++++ Records for this exercise
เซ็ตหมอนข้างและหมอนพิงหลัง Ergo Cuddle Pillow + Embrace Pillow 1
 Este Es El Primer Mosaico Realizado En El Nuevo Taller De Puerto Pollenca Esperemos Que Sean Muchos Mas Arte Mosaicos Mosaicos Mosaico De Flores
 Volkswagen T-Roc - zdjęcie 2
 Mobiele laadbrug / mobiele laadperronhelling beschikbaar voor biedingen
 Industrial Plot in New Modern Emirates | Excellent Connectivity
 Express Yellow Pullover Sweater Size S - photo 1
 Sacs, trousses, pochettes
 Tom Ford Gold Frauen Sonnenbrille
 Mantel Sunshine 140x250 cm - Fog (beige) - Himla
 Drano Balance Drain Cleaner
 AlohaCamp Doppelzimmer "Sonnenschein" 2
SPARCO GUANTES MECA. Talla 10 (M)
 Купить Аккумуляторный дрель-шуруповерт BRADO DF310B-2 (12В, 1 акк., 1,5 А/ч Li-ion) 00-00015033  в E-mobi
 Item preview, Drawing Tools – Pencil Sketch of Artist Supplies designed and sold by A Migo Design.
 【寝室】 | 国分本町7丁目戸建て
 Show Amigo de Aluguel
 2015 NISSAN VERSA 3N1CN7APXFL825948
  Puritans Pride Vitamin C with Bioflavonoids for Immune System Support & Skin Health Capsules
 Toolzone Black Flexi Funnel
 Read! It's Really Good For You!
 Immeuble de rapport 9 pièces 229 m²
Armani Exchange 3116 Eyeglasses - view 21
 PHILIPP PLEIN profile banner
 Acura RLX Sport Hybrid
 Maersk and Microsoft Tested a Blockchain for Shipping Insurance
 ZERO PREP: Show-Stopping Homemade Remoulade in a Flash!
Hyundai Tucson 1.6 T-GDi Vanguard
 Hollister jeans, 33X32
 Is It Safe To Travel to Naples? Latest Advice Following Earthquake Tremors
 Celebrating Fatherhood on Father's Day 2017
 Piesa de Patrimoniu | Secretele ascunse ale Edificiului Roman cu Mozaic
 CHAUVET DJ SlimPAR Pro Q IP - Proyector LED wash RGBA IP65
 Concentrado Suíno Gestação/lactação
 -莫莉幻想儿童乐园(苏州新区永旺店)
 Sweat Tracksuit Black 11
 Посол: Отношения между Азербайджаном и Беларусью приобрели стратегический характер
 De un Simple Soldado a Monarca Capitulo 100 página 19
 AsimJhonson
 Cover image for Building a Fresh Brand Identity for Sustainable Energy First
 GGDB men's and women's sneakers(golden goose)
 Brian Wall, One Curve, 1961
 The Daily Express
++++++++
Exercise brief — Repeat, word for word, the lines above between the line holding "Celebrating Fatherhood on Father's Day 2017" and the line holding "Cover image for", inclusive; omit everything else.

Response below —
 Celebrating Fatherhood on Father's Day 2017
 Piesa de Patrimoniu | Secretele ascunse ale Edificiului Roman cu Mozaic
 CHAUVET DJ SlimPAR Pro Q IP - Proyector LED wash RGBA IP65
 Concentrado Suíno Gestação/lactação
 -莫莉幻想儿童乐园(苏州新区永旺店)
 Sweat Tracksuit Black 11
 Посол: Отношения между Азербайджаном и Беларусью приобрели стратегический характер
 De un Simple Soldado a Monarca Capitulo 100 página 19
 AsimJhonson
 Cover image for Building a Fresh Brand Identity for Sustainable Energy First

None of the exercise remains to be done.